Reproduce every line of the material below, but drop the pictures.

+++ Information supplied

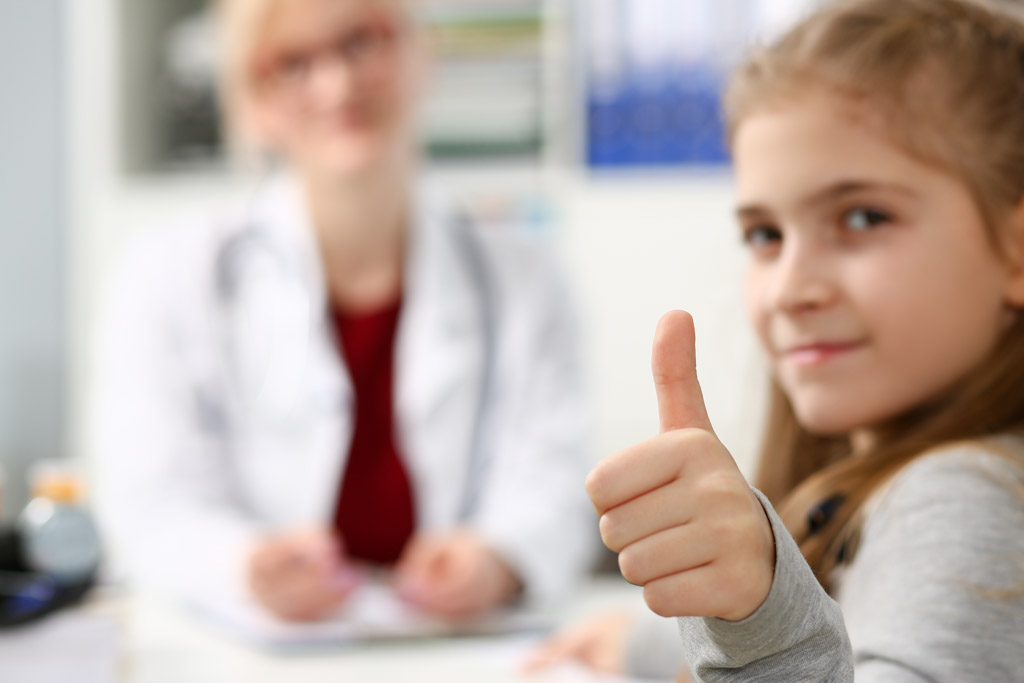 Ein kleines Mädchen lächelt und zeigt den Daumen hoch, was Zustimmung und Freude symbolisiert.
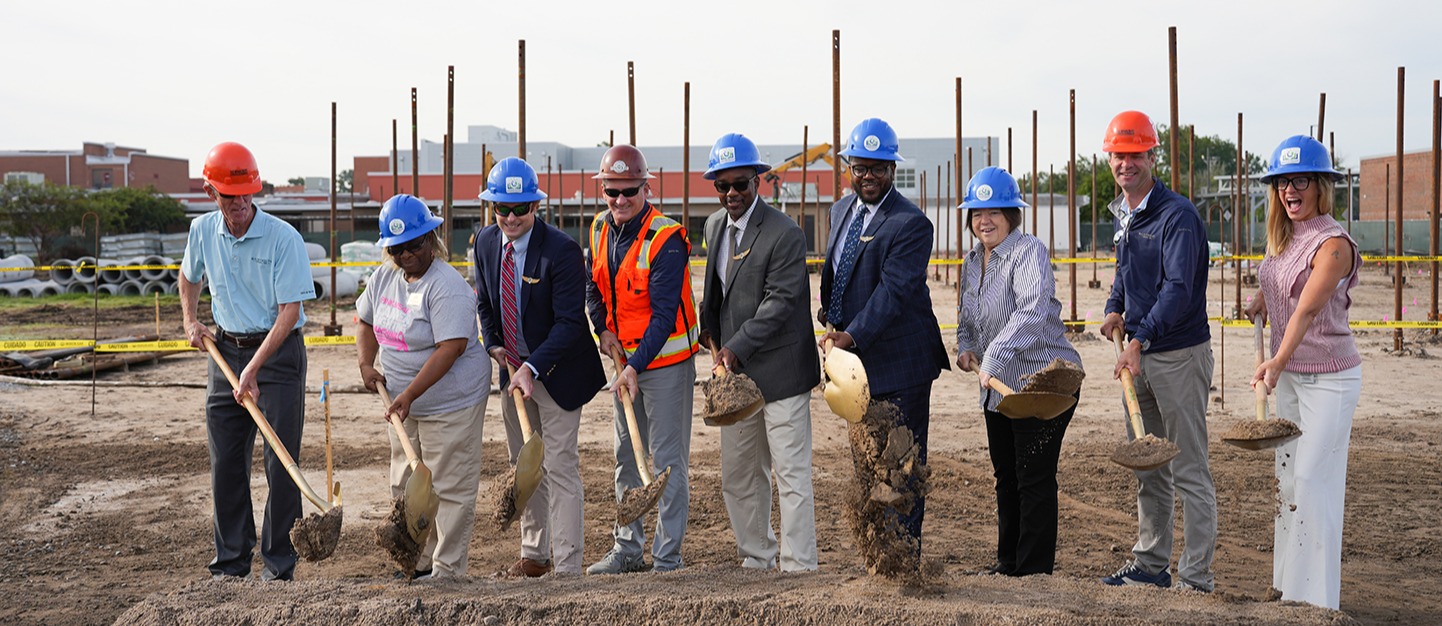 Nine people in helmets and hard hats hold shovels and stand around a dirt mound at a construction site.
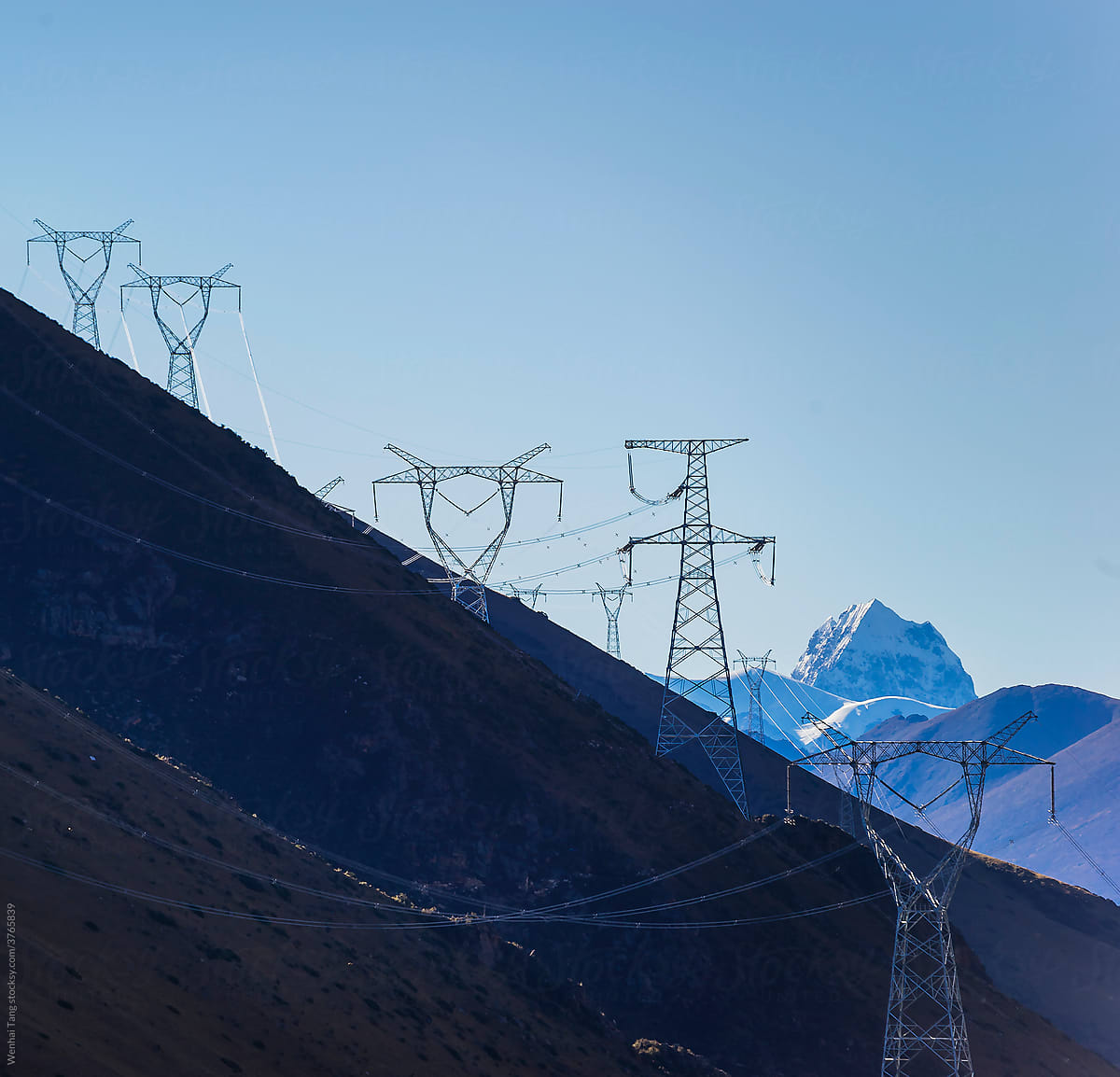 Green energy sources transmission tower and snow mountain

++++++

■ Solution to this task:
 Ein kleines Mädchen lächelt und zeigt den Daumen hoch, was Zustimmung und Freude symbolisiert.
 Nine people in helmets and hard hats hold shovels and stand around a dirt mound at a construction site.
 Green energy sources transmission tower and snow mountain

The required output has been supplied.